** WHAT THE TASK REQUIRES **
The records below must be output exactly, without pictures.

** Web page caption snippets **
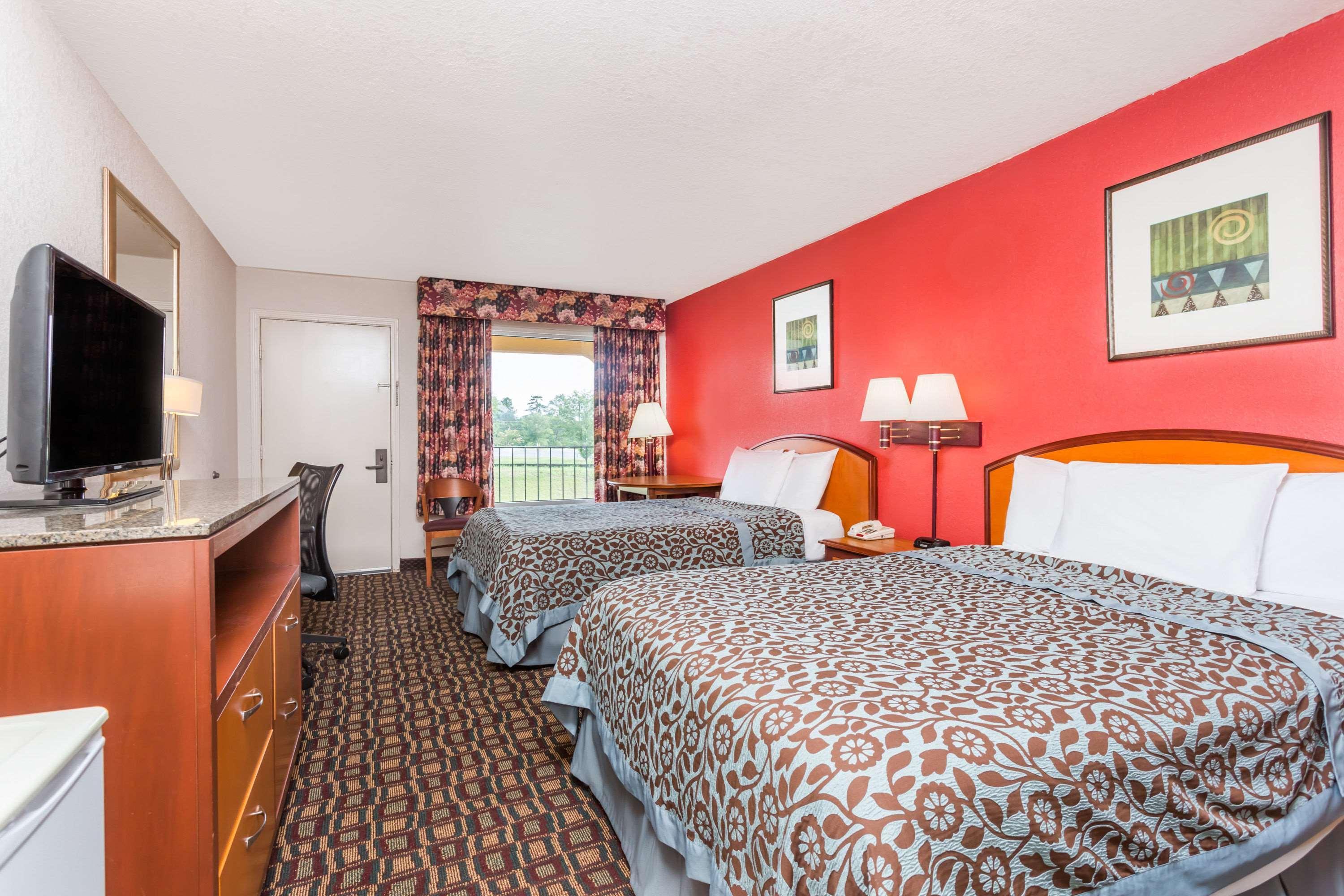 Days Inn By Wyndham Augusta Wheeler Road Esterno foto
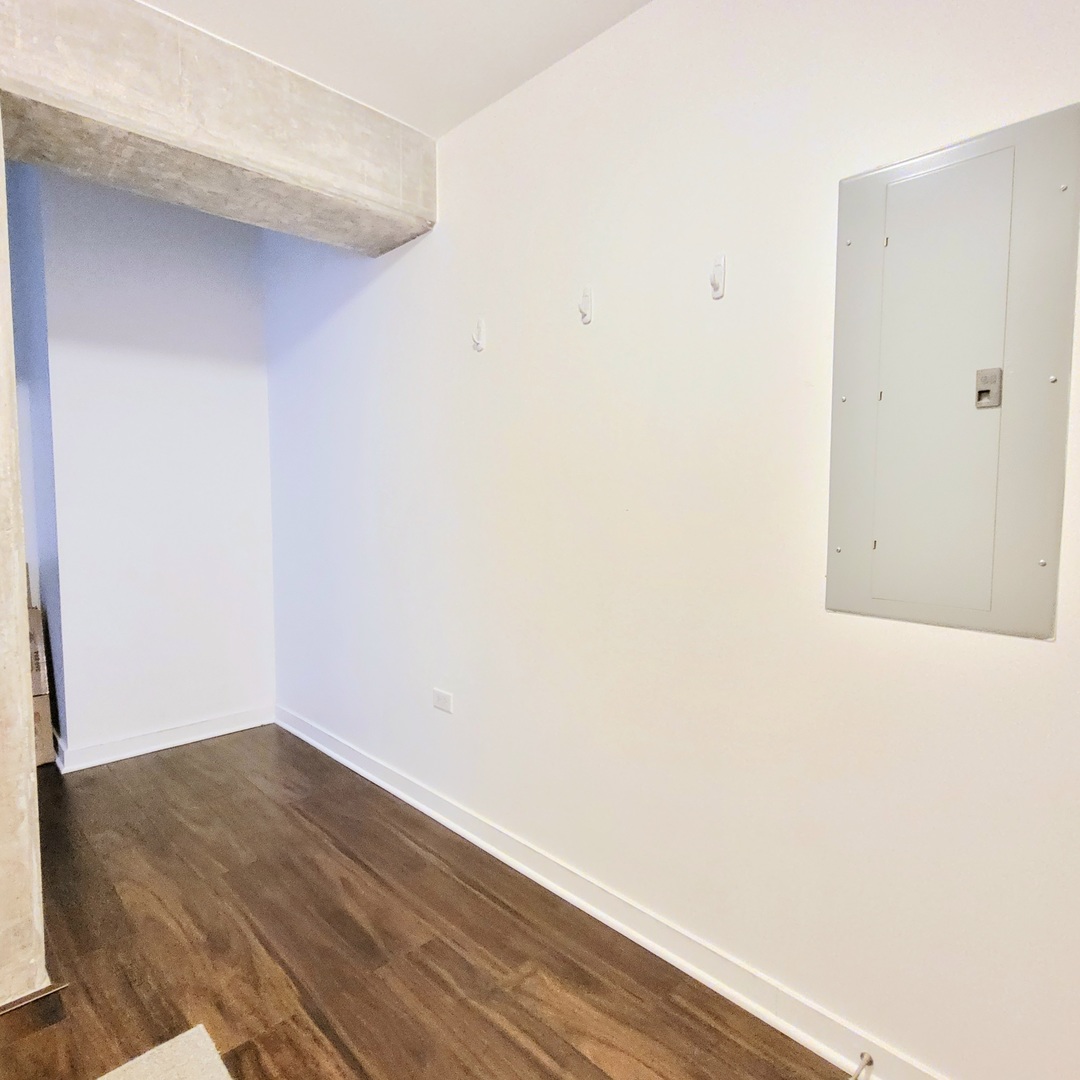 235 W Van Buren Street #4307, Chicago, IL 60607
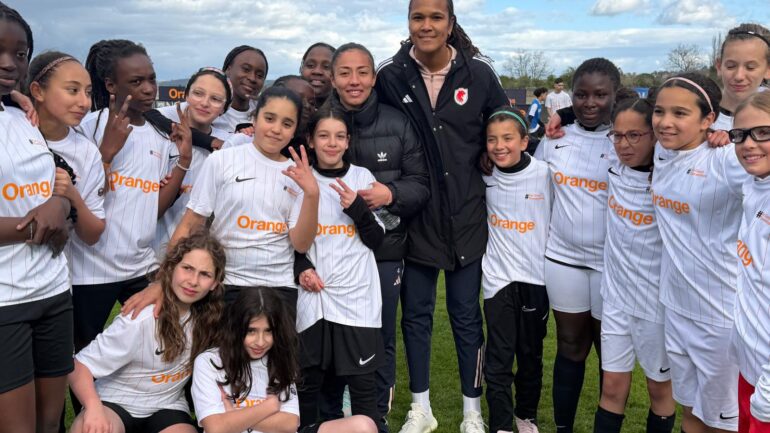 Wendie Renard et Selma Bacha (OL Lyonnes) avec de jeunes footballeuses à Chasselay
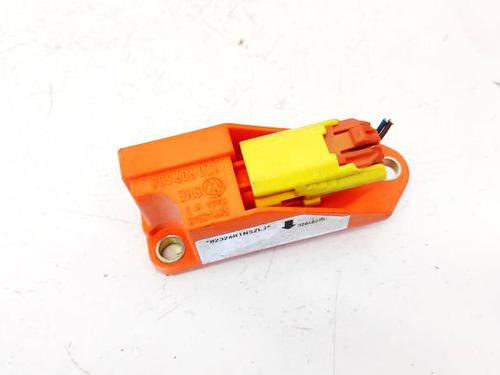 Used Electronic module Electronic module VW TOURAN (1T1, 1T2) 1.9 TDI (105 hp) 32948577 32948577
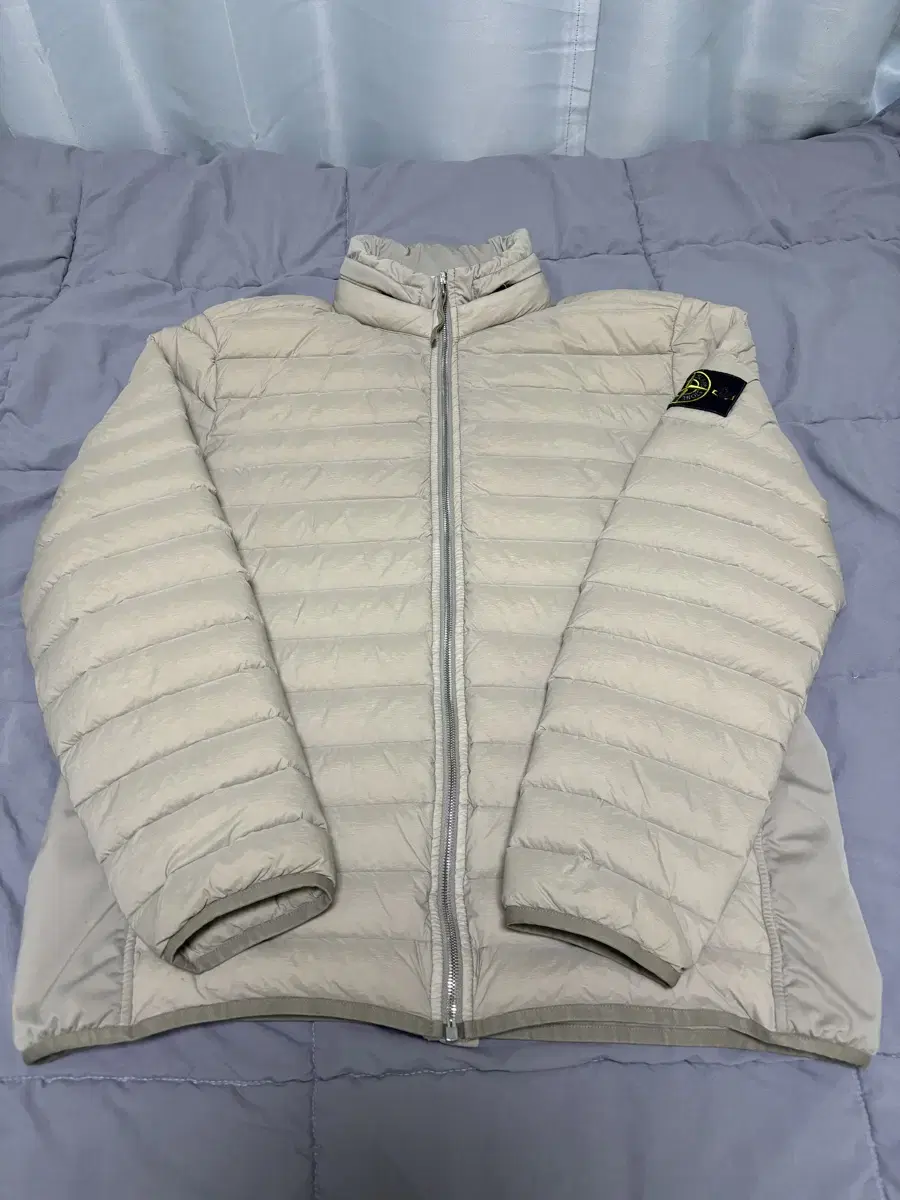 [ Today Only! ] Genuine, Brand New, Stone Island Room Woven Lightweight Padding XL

** WRITTEN RESPONSE **
 Days Inn By Wyndham Augusta Wheeler Road Esterno foto
 235 W Van Buren Street #4307, Chicago, IL 60607
 Wendie Renard et Selma Bacha (OL Lyonnes) avec de jeunes footballeuses à Chasselay
 Used Electronic module Electronic module VW TOURAN (1T1, 1T2) 1.9 TDI (105 hp) 32948577 32948577
 [ Today Only! ] Genuine, Brand New, Stone Island Room Woven Lightweight Padding XL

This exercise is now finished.